Это кажется диалогом из пьесы абсурда, но малозначащий эпизод пятилетней давности нужен Ярославскому, чтобы перейти к событиям более близким, более страшным и, как он стремится доказать, имеющим корни в предшествующей жизни подсудимого.
Ярославский просит зачитать показания, подтверждающие его слова, после чего конкретными вопросами воссоздает картину ургинского террора: убийства евреев и служащих Центросоюза, насилия над китайцами, расстрелы, виселицы, палки, сажание на лед, на раскаленную крышу. Унгерн все признает.
По рассказу Черкашина, он называл евреев «трупными червями», прогрызшими государственное тело России, «зычным командным голосом» винил их в смерти Александра II, Столыпина, Николая II с семьей, в «развязывании братоубийственной войны, искусственно разделившей народы империи на два непримиримых лагеря», и, обращаясь к сидящим в зале, предсказывал, что «через 10–15 лет все они поймут, в какую бездну бесправия тащат их большевики-евреи»[217].
В опубликованной стенограмме процесса ничего этого нет. Возможно, было вычеркнуто цензурой, оставившей только слова Унгерна о том, что он «считает причиной революции евреев и падение нравов, которым евреи воспользовались». Вероятнее, впрочем, что именно так он и говорил, а узоры по этой канве расшивал уже сам Черкашин. «Зычный голос» и апелляция к публике тем более сомнительны.

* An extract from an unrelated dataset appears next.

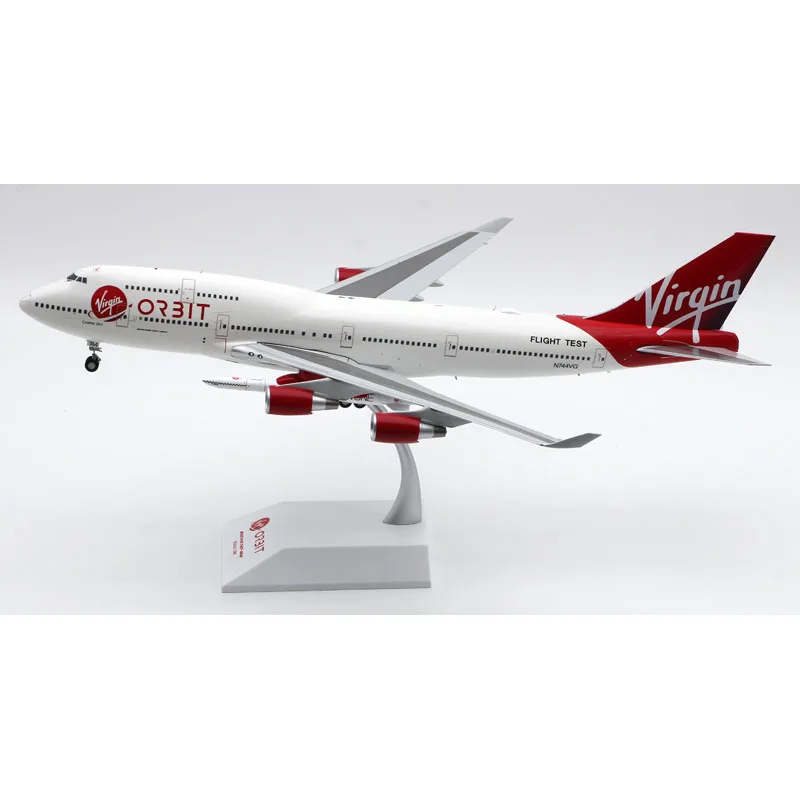 XX20205 Alloy Collectible Plane Gift JC Wings 1:200 Virgin Orbit(Rocket Version 1) Boeing B747-400 Diecast Aircraft Model N744VG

Легенд о бесстрашном поведении Унгерна во время процесса было множество; корейцы Кима, вернувшись в Харбин, будто бы рассказали, что со скамьи подсудимых он «издевался над судьями и большевистской властью до тех пор, пока один из комиссаров не выстрелил ему в затылок» прямо в зале суда.
На самом деле перед лицом неминуемой и близкой смерти человек редко выступает в роли обвинителя. Земной суд, каковы бы ни были судьи, должен казаться ему прологом другого, высшего, перед которым он скоро предстанет, и где его смирение, как и честность ответов на этом, предварительном суде, тоже будут учтены. Непримиримость — доблесть тех, кто надеется получить отсрочку, и утешение для их оставшихся на свободе соратников.
После выяснения его политических взглядов и обстоятельств мятежа в Азиатской дивизии Ярославский спрашивает, не рассматривает ли он свою попытку восстановить монархию как последнюю в ряду ей подобных. «Да, последняя, — соглашается Унгерн. — Полагаю, что я уже последний».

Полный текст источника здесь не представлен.